■ REQUIREMENT: For the listing below, output exactly the lines from the line with "Área de piscina" up to and including the line with "Tri-Star Commercial Stainless", and no other lines.

■ DATA FOR THIS EXERCISE:
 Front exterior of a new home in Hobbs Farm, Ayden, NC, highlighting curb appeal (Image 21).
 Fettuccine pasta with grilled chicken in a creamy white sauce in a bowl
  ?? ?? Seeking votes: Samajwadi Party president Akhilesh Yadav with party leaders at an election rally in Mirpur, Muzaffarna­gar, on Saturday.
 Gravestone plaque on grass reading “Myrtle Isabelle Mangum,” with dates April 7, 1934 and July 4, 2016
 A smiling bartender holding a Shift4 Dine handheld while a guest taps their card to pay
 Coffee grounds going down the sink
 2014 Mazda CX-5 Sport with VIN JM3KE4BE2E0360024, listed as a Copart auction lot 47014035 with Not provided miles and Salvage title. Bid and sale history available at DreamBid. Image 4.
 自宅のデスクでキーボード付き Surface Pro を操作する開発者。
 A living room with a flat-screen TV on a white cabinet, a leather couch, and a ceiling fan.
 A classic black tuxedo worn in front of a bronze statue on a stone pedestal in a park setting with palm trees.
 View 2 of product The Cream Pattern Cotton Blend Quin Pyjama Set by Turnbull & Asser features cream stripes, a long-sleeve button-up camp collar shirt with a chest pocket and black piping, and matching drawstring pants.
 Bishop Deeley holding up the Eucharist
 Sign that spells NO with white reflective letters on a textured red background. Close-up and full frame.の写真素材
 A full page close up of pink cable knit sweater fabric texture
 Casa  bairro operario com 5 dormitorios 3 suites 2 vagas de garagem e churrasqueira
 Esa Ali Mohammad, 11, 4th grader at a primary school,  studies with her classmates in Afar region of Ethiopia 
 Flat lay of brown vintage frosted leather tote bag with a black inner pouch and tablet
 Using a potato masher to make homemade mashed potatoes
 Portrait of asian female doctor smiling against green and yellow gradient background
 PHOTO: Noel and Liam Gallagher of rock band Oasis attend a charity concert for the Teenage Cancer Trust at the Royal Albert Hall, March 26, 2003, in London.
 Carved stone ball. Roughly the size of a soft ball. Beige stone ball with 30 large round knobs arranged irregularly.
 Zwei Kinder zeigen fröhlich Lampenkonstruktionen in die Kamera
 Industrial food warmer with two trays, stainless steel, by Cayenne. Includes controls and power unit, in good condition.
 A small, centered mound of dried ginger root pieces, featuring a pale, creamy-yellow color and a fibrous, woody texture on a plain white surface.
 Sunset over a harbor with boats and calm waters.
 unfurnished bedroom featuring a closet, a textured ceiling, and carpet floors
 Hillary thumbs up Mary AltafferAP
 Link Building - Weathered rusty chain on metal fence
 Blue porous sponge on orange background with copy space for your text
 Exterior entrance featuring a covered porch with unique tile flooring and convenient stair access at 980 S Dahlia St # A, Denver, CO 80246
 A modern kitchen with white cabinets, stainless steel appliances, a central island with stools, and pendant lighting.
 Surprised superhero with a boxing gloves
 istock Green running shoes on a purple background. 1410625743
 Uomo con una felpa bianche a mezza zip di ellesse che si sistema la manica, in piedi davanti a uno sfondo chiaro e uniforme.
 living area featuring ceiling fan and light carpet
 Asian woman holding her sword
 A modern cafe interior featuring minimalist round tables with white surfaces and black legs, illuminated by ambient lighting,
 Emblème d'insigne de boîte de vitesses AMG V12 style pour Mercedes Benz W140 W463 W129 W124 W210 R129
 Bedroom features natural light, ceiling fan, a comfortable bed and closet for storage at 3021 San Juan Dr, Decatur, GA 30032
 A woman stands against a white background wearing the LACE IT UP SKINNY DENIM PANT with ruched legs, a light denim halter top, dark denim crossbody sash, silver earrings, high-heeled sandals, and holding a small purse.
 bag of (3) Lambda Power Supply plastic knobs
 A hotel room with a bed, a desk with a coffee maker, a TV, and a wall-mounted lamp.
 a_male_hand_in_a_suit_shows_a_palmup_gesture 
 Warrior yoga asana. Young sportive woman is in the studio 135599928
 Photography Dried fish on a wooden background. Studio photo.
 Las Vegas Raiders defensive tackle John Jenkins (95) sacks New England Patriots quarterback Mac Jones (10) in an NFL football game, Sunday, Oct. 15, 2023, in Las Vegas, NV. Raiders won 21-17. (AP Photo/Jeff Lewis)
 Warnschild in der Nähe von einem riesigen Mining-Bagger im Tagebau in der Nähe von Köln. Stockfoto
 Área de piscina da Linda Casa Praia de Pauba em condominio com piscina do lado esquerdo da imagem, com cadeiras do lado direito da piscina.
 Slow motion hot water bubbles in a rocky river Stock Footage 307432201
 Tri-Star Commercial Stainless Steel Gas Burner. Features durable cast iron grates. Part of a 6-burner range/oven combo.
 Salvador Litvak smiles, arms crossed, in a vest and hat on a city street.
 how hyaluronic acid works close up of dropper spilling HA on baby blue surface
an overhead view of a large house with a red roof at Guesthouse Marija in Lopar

■ ANSWER BELOW:
 Área de piscina da Linda Casa Praia de Pauba em condominio com piscina do lado esquerdo da imagem, com cadeiras do lado direito da piscina.
 Slow motion hot water bubbles in a rocky river Stock Footage 307432201
 Tri-Star Commercial Stainless Steel Gas Burner. Features durable cast iron grates. Part of a 6-burner range/oven combo.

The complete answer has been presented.